### LISTED RECORDS

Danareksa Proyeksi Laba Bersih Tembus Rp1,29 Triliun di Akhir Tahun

* * *

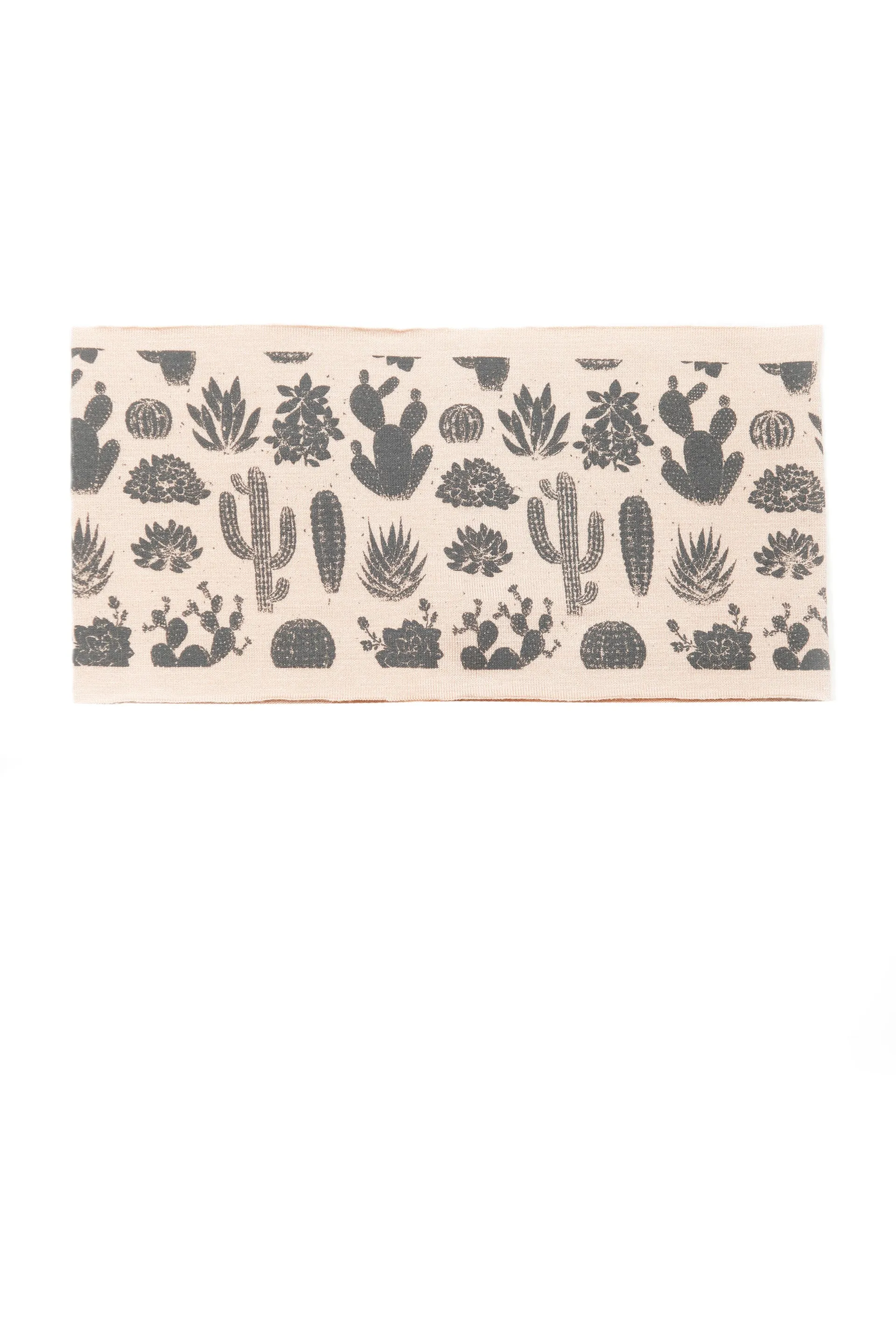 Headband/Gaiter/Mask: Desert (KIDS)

...

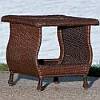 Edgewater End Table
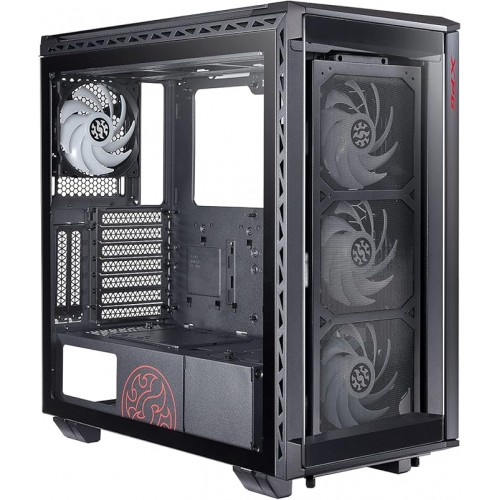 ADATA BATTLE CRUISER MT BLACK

### ASSIGNMENT
Print, word for word, the lines above that run from the line containing "Edgewater End Table" to the line containing "ADATA BATTLE CRUISER MT BLACK", both included. Keep the pictures out.

### EXERCISE OUTPUT
 Edgewater End Table
 ADATA BATTLE CRUISER MT BLACK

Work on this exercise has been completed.